ザッカーバーグ氏の言葉が指しているのが、メタの株価なのか、収益の伸びなのか、より広い範囲の経済なのかは不明ですが、ひとつだけはっきりしているのは、メタがコスト削減を行っているということです。
同氏は会議の中で、今年のエンジニアの採用を2022年までの当初の目標である1万人から、6,000人〜7,000人に減速させる計画の概要を説明し、業績不振者が自主的に退職することを期待しているとの厳しい姿勢を見せています。
メタのような大手ハイテク企業の引き締めは、エヌビディアのようなサプライヤーにとって良い知らせではありません。しかし、ザッカーバーグ氏は同じ会議で、データセンターのGPUの数を年末までに5倍に増やすという目標も示しました。この大規模な投資は、データセンター用GPUの市場を完全に抑えているエヌビディアにとって好材料となるはずです。
メタは広告収入をめぐる競争のプレッシャーの中、ベルトを締める一方で、TikTokとの熾烈な競争にもさらされています。今回のGPUへの投資は、メタの新製品「リール」やその他のコンテンツのためのディスカバリー・エンジンの構築を目的としており、短編動画で優位に立つTikTokに対抗できることを期待しているようです。
メタが開発中のディスカバリー・エンジンは、非常に高度な人工知能(AI)を利用して、ユーザーの視聴習慣や友人の興味に合わせた投稿や動画をリコメンドするもので、第1四半期のアナリストとの電話会議で、ザッカーバーグ氏は次のようなビジョンを語っています。
将来、人々はますますAIベースのディスカバリー・エンジンに頼って、楽しませたり、教えたり、同じ興味を持つ人々とつながったりするようになると思います。
AIへの投資、さまざまなタイプのコンテンツへの対応、クリエイターが生計を立てるための最高のプラットフォーム構築への取り組みが、当社のサービスをますます他の業界と差別化し、成功に導くと信じています。
また、世界的なディスカバリー・エンジンを構築するという野心的なビジョンが、このプログラムに携わる多くの有能なAI人材を惹きつけていることもわかっています。
不況がやってくる懸念の高まりとともに一般の消費者は、新しいPCやスマートフォンの購入を控えるといった生活防衛的な動きを強めていることが伝えられていますが、メタのGPU投資の事例が示しているとおり、大企業は、競争上の戦略的な理由から、AIやクラウドコンピューティングに投資する姿勢を変えていません。
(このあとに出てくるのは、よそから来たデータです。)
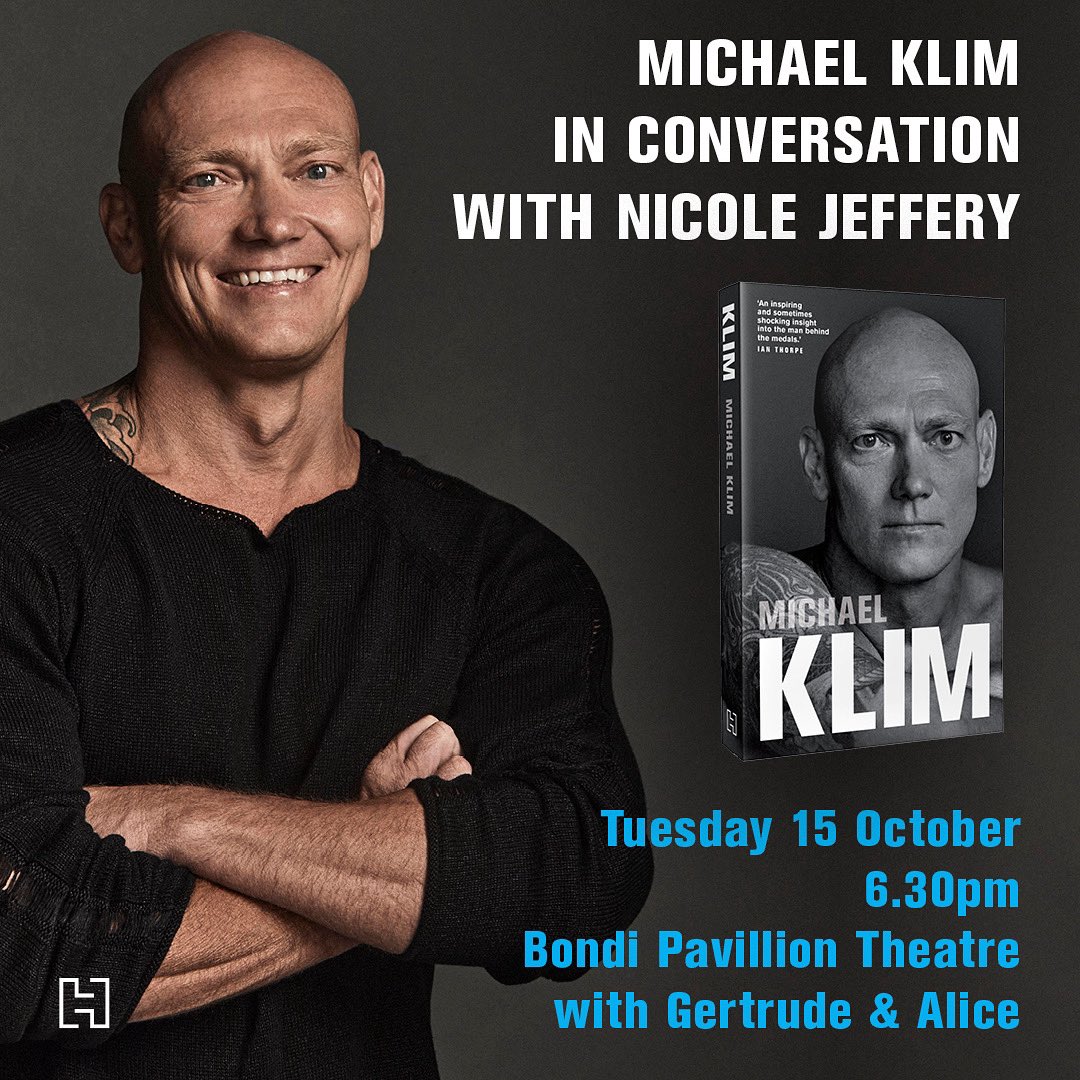 MichaelKlimAus's tweet photo. Join me for an intimate evening with @nic.jeffery as we dive into “KLIM,” the memoir. Happening on October 15th at 6.30pm at the iconic @bondipavilionofficial, this special event is made possible thanks to @hachetteaus and @gertrudeandalice. See you there! https://t.co/Zo9j0cDH1L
一般に、AIや自動化は生産性の向上や効率化にもつながり、トータルコストを下げるものであり、それへの支出は消費者向け市場よりも不況の影響を受けにくいものです。エヌビディアのジェンスン・フアンCEOが、5月下旬の時点でデータセンター分野の見通しについて自信を持っていたのも、そのためだと思われます。
エヌビディアのライバルであるアドバンスト・マイクロ・デバイセズ(AMD)がTSMに対し、ノートパソコンやゲーム関連のチップの生産を遅らせるよう求めているものの、サーバー向けの最先端チップの生産を遅らせるよう求めてはいないことも、同じことを示しています。